*** Source data Section Begins ***

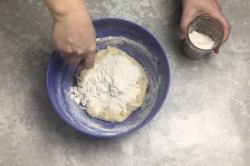 Торт сметанник на сковороде - шаг 3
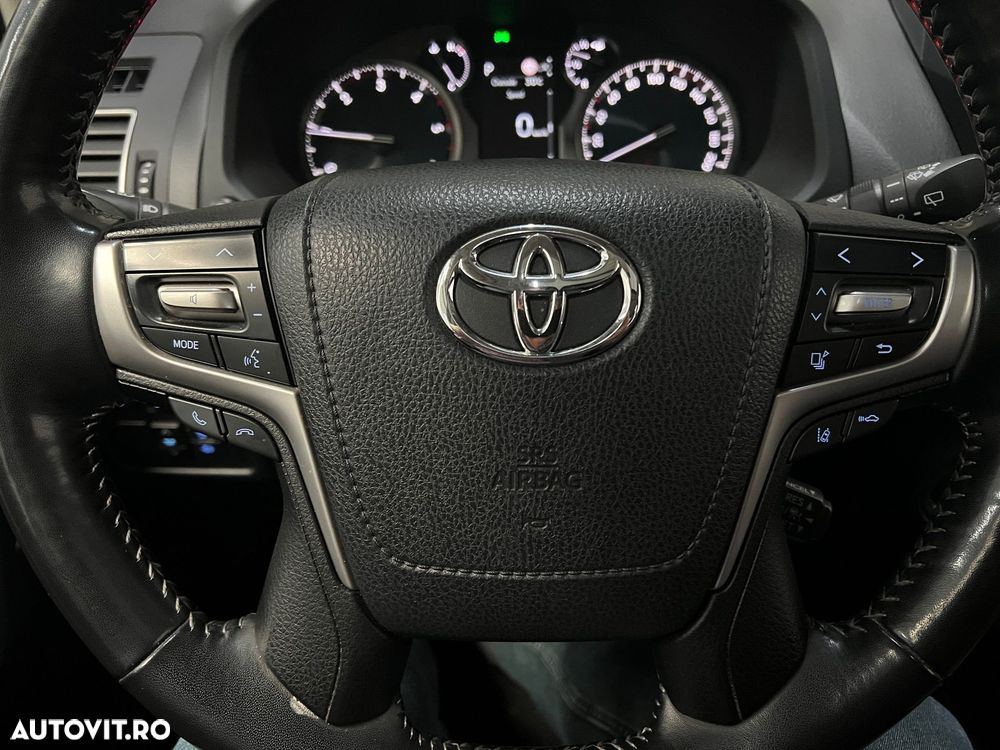 Toyota Land Cruiser 2.8l D-4D 204 CP A/T Luxury Black Matte Edition - 8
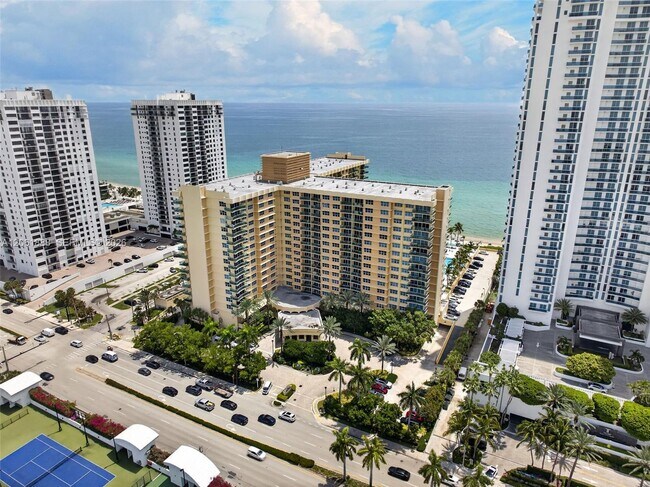 Building Photo - 2501 S Ocean Dr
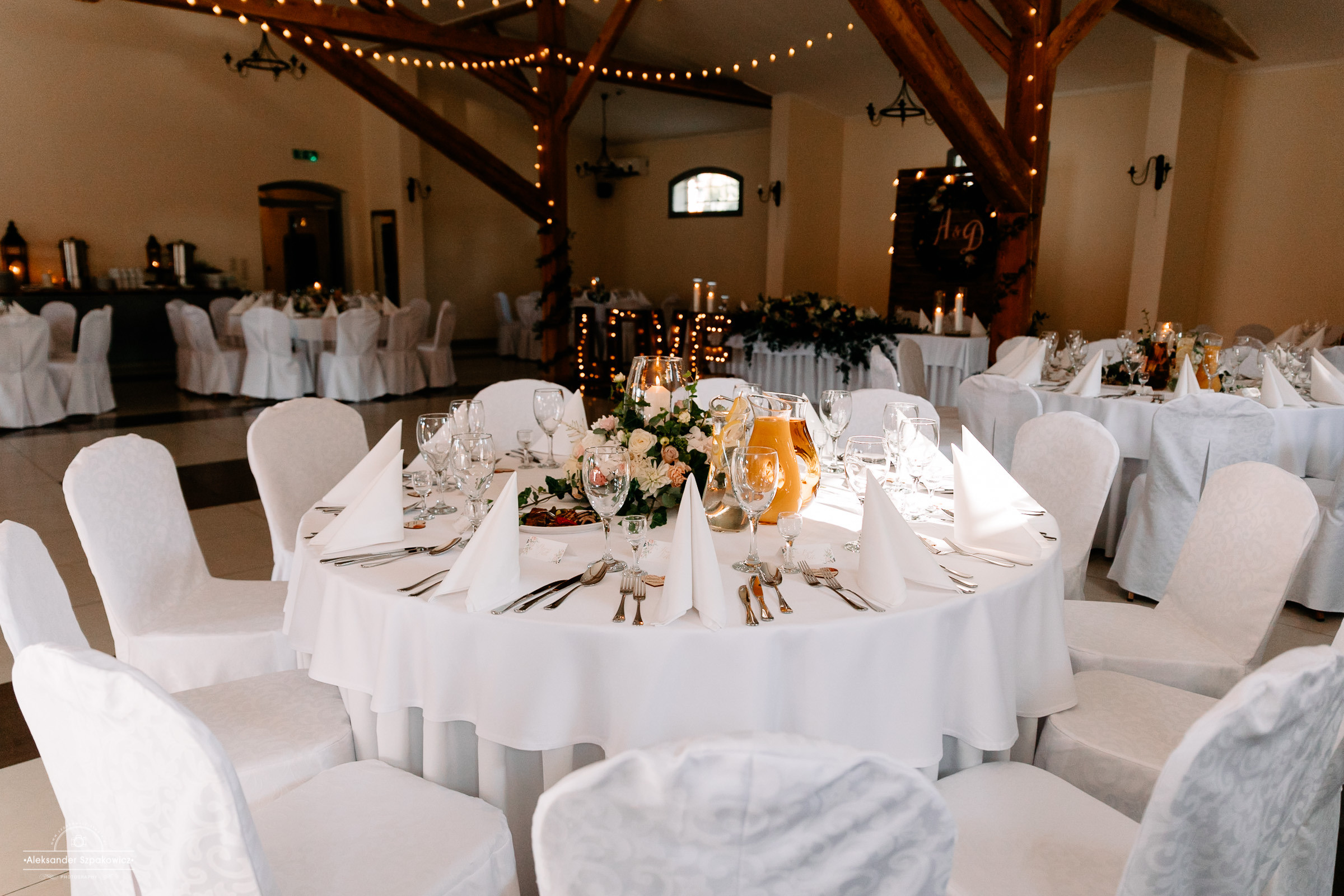 Impreza & Wesele • [ Szpakowicz-studio.pl ]. Fotograf Ślubny Warszawa - Sesje Biznesowe Rodzinne Eventy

*** Source data Section Ends ***

Task to carry out: Only exact repeats of the lines from the one containing "Toyota Land Cruiser" through the end of the listing above are wanted here; pictures are not.

Your response:
 Toyota Land Cruiser 2.8l D-4D 204 CP A/T Luxury Black Matte Edition - 8
 Building Photo - 2501 S Ocean Dr
 Impreza & Wesele • [ Szpakowicz-studio.pl ]. Fotograf Ślubny Warszawa - Sesje Biznesowe Rodzinne Eventy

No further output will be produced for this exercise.